Overview
Despite the prominence of ESG investing, a fundamental gap persists: the empirical link between a firm’s environmental, social, and governance performance and its financial outcomes remains poorly understood. This talk applies scientometric analysis — citation networks, co-word maps, social network analysis, and text mining — to the ESG literature to map what is known, what is assumed, and what is missing.
Research Objectives
The analysis pursues three goals. First, to trace the history and evolution of ESG research, identifying dominant themes and how they have shifted over time. Second, to examine how the relationship between ESG factors, sustainability, and organisational performance is theorised in the existing literature — and where explanatory gaps remain. Third, to identify missing links and potential new data sources that could bridge those gaps.
Key Findings
Co-citation network analysis reveals that ESG research clusters around five themes: firm value, corporate social responsibility, consumer reaction, integrated reporting, and sustainability transition. These clusters are largely siloed; cross-cluster citation is sparse. Keyword network analysis further shows that the field concentrates on performance frameworks and organisational culture rhetoric, with limited empirical testing of the ESG-financial performance relationship.

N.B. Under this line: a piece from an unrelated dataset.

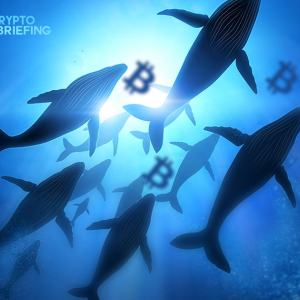 Save The Whales? Why Big Traders Aren’t That Bad For The Crypto Ecosystem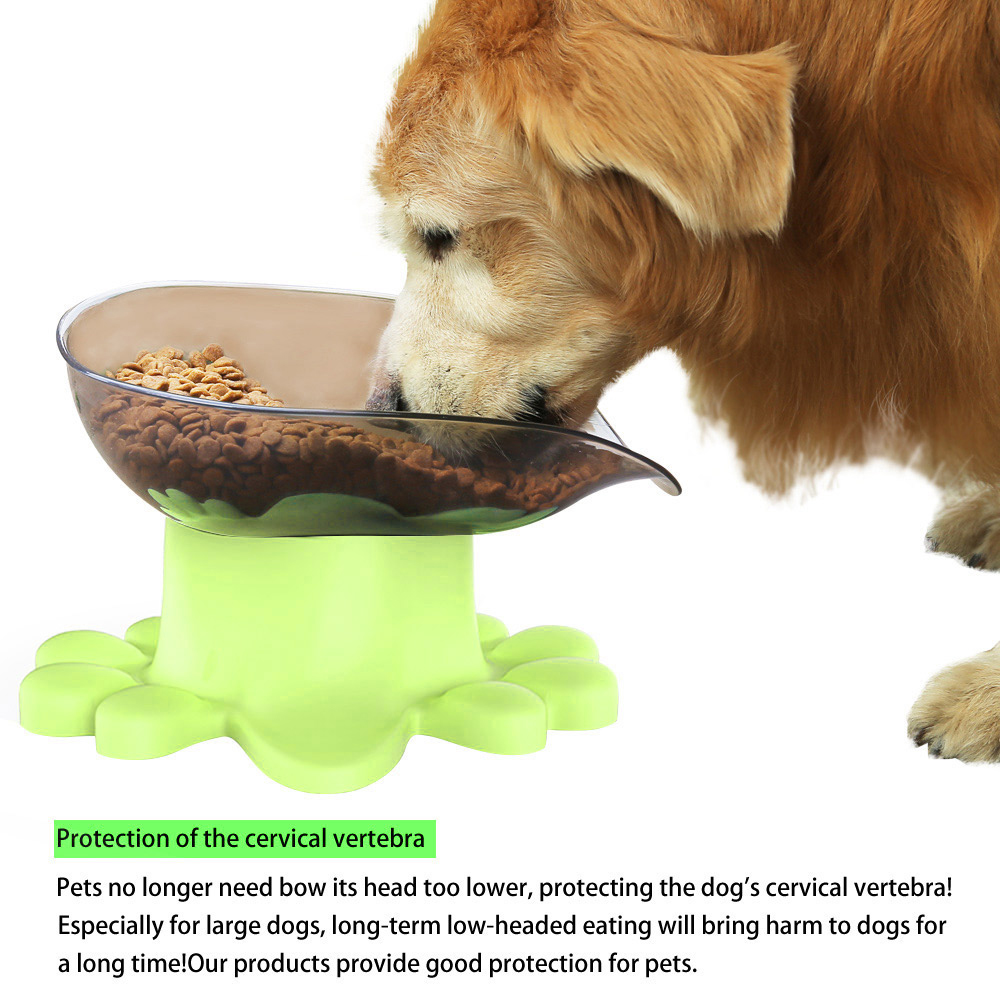 Super Bowl Cão De Inclinação Lateral-aberto Com Suprimentos Para Animais De Base - Verde-13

Crucially, the analysis finds that organisational culture and innovation are under-examined mediating variables. Integrating these dimensions with ESG factors could substantially strengthen the theoretical links between ESG integration and measurable outcomes.
Implications and Alternative Data Sources
The talk proposes that alternative data sources — exemplified by the MIT Culture 500 Project, which uses AI to measure corporate culture at scale — could open new empirical avenues. If culture is a mediating variable between ESG commitments and performance, then machine-readable cultural signals provide a way to test that relationship rigorously rather than relying on self-reported ESG disclosures.
The conclusion is not that ESG integration is ineffective, but that the field has outrun its evidence base. Closing that gap requires more rigorous empirical work, better data infrastructure, and cross-disciplinary collaboration between finance, organisational theory, and AI research.